Thursday 23 May 2019

Repeat of Cardiff crash will be end for Martin O'Neill - Keith Andrews

Roy Keane and Martin O’Neill. Photo: Sportsfile
Roy Keane and Martin O’Neill. Photo: Sportsfile
Cobh Ramblers manager Stephen Henderson, left, and Derry City boss Kenny Shiels at the EA Sports Cup final media day yesterday. Photo: Sportsfile
Daniel McDonnell

Daniel McDonnell

Keith Andrews believes that the September international break for Martin O'Neill's Ireland was 'alarming' and 'a circus.'

And the former Ireland midfielder believes that the positions of O'Neill and his assistant Roy Keane will be untenable if the next two competitive games in October go as badly as the last pair of meaningful matches - the 5-1 World Cup playoff loss to Denmark and the 4-1 humbling by Wales in Cardiff last Thursday.

Andrews feels there was nothing run of the mill about Keane's run-in with Arter which led to the latter stepping away from international duty and fears that there is a lack of unity within the group after a turbulent period.

"It's been a circus," said Andrews, yesterday.

"I take no joy in covering games like Cardiff.
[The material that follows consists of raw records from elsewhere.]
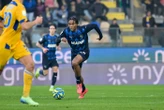 Mercato : ça coince pour Armand Laurienté à Sunderland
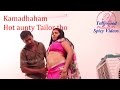 Saritha Bhabhi Tempting To Tailor For Romance When Nobody At Home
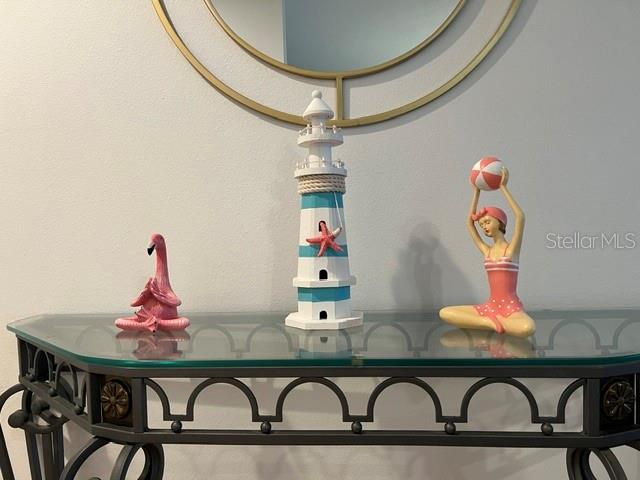 801 ISLAMORADA BLVD #22B, PUNTA GORDA, FL, 33955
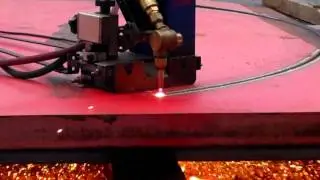 Cutting 2.5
There was no aggression, no cohesion or no intent to make things happen. What's even more alarming is what's creeping out about what's happening off the pitch.

"Declan Rice is a different scenario to the (situation with) Harry Arter and Jon Walters, but the unfortunate leaking of Stephen Ward's WhatsApp message . . . it's not what we want. Sometimes results paper over the cracks but in this case it's obviously the opposite way."

The main problem that Andrews had with the reported Keane/Arter skirmish is that he does not believe that it's the job of the assistant manager to be putting himself in that position.

That said, Andrews does not necessarily agree with Arter's decision to enter a self-imposed exile.

"I think I would probably have gone more the Jon Walters route to be honest," he replied, a reference to Walters' decision to confront Keane.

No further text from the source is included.